Descubrí a Wolff a mediados de los noventa. Trabajaba en una librería y abriendo cajas con novedades me encontré con los cuentos que formaban De regreso al mundo. Hojeándolo, me detuve por casualidad en uno titulado Aquí empieza nuestra historia: narraba las peripecias de Charlie, un lavacopas de San Francisco al que todas las editoriales le habían rechazado su novela y siente que lo mejor para él sería dejar de escribir, cambiar de vida.
LA OBRA
En un momento de la narración, Charlie decide ahogar sus penas con un capuccino. Wolff lo describe así: “Justo a la vuelta de la esquina, en Vallejo, había un café donde Charlie iba a veces en sus noches libres. Jack Kerouac había mencionado este café en The Subterraneans. Hoy en día los clientes eran fundamentalmente italianos que venían a escuchar la música del tocadiscos automático, que estaba lleno de óperas italianas, pero Charlie siempre levantaba la cabeza cuando entraba alguien; podía ser Ginsberg o Corso, que pasaban por allí recordando los viejos tiempos. Le gustaba sentarse allí con un libro abierto sobre la mesa, escuchando la música que él consideraba clásica. Le gustaba pensar que la mujer grosera y desastrada que le traía su cappucino había sido en otros tiempos la amante de Neil Cassady. Era posible.”
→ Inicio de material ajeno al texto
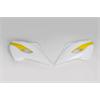 Convogliatori radiatore Husqvarna 125 TE (2014-2016) Bianco e Giallo in Plastiche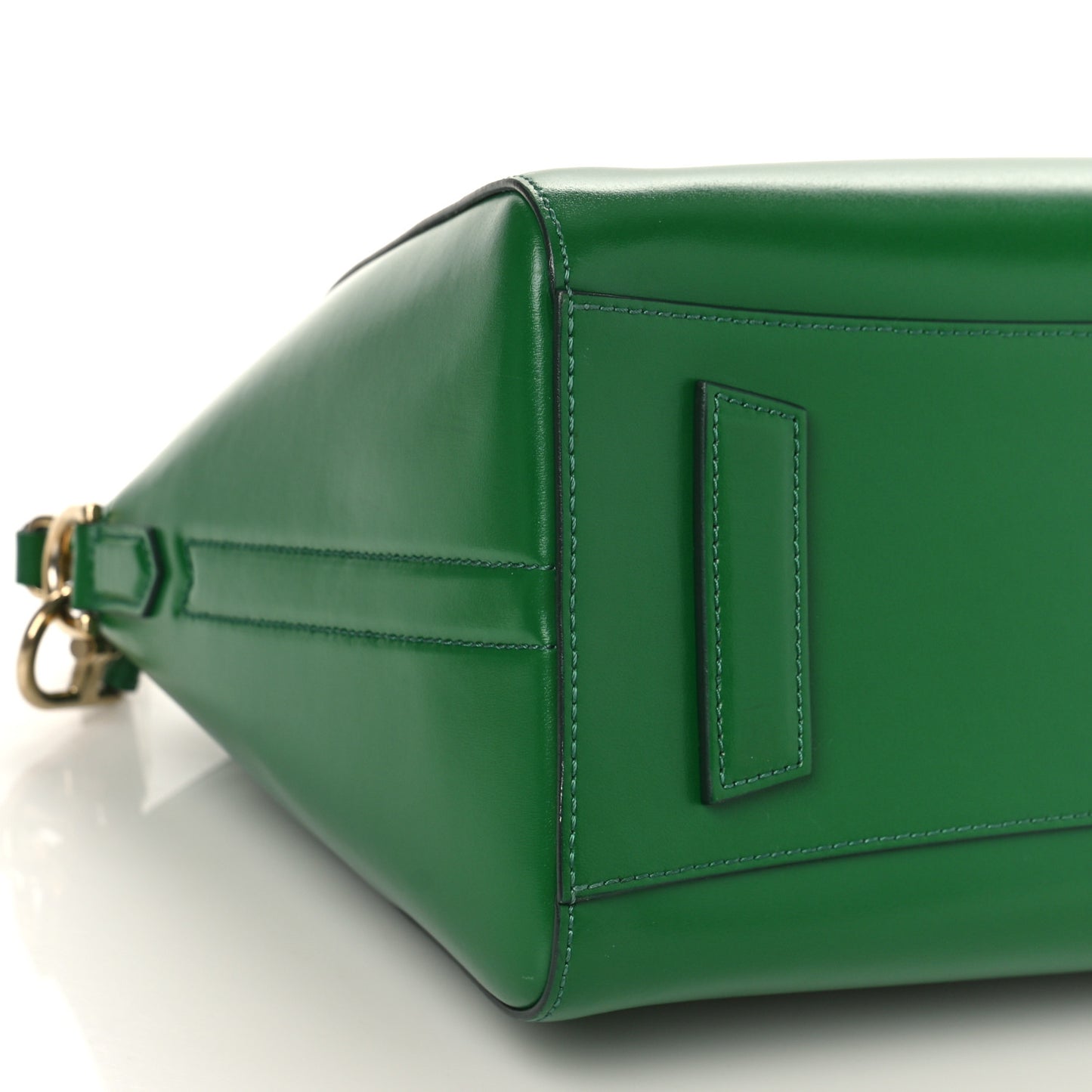 Shiny Lord Calfskin Small Antigona Emerald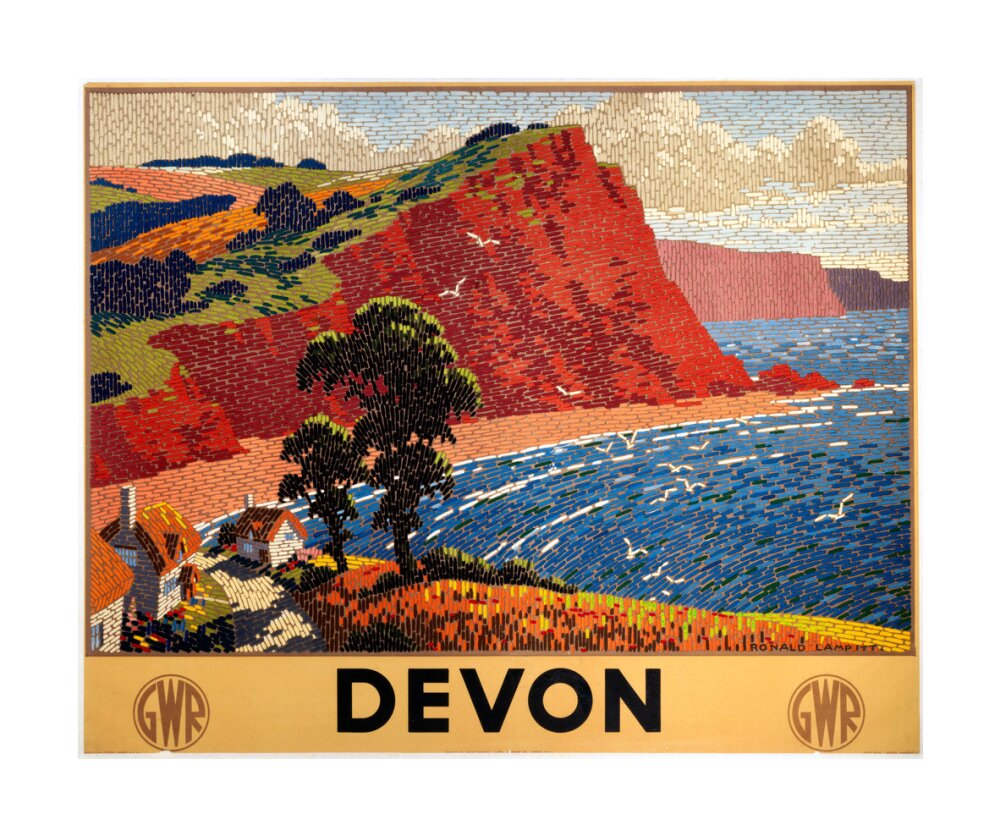 'Devon', GWR poster, 1936. unstretched canvas large none Art Print - Science Museum Shop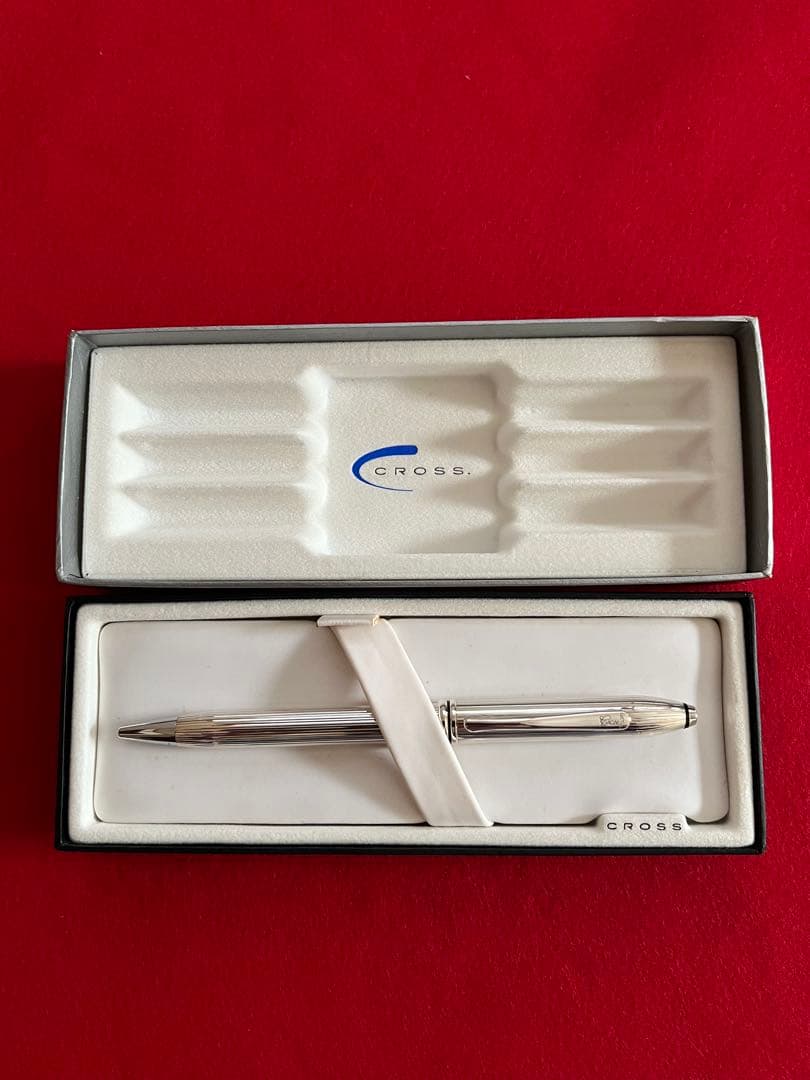 クロスボールペン タウンゼント★スターリングシルバー★❗️極美品‼️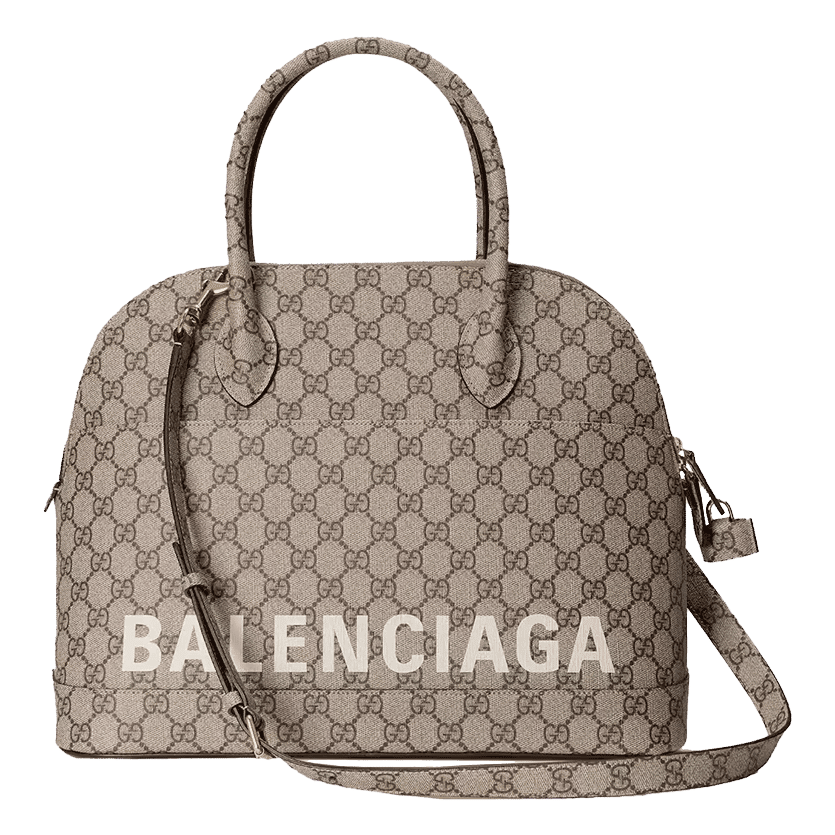 Gucci x Balenciaga The Hacker Project Medium Ville Bag Beige/Ebony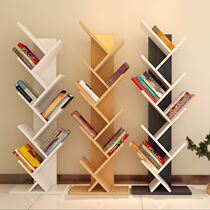 Bookshelves Easy solid wood shelves Home desks Floor Minimalist Modern Economy Type Province Space Small Bookcase Tree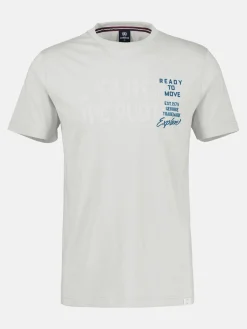 Effen T-shirt met print
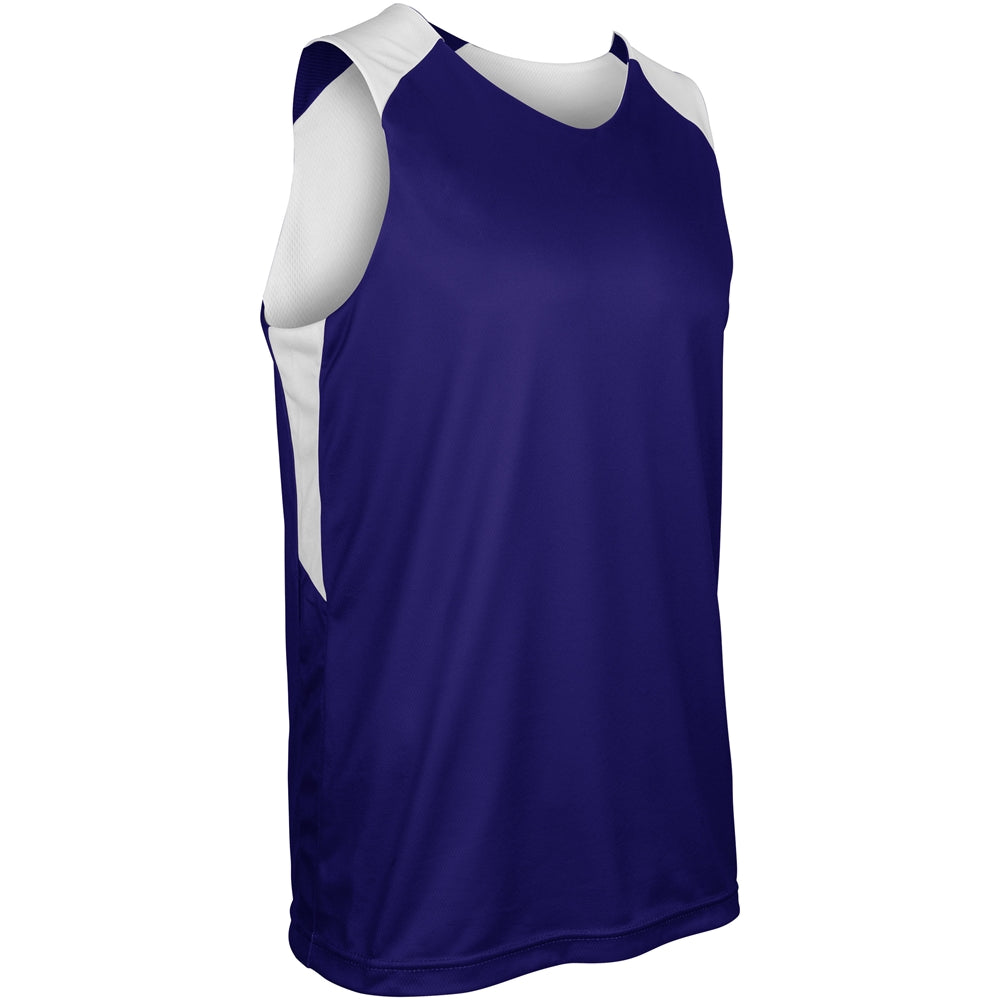 SWISH Reversible Basketball Jersey - Purple White - Girls - Large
Ch arlie, allí sentado, casi sin querer, comienza a interesarse por la conversación de tres personas sentadas cerca de él: George, Truman y su esposa Audrey. Temas cambiantes; chusmeríos sin fundamentos; diálogos aburridos. Charlie, que está allí resolviendo entregarse o no a la intranscendencia, de repente se da cuenta de que escuchar aquella conversación no ha sido una manera de pasar el tiempo, de que allí hay una clave, una epifanía, podría decir, quizá equivocadamente, cheeveriana: de un modo casi milagroso, descubre que en aquel diálogo estúpido se esconde una traición, que George y Audrey son amantes, que Truman, la ecuación es simple, ha pasado a formar parte de la lista más extensa no escrita en las estadísticas, efemérides y obituarios de la crónica humana: la de los cornudos desinformados; y que él, Charlie, ha encontrado una historia que contar. Cuando sale del café nombrado en The Subterráneas, el de Kerouac, el de Ginsberg, el de Corso y Cassady, comprende que en cada episodio de la vida, en cada frase escuchada al azar, hay literatura .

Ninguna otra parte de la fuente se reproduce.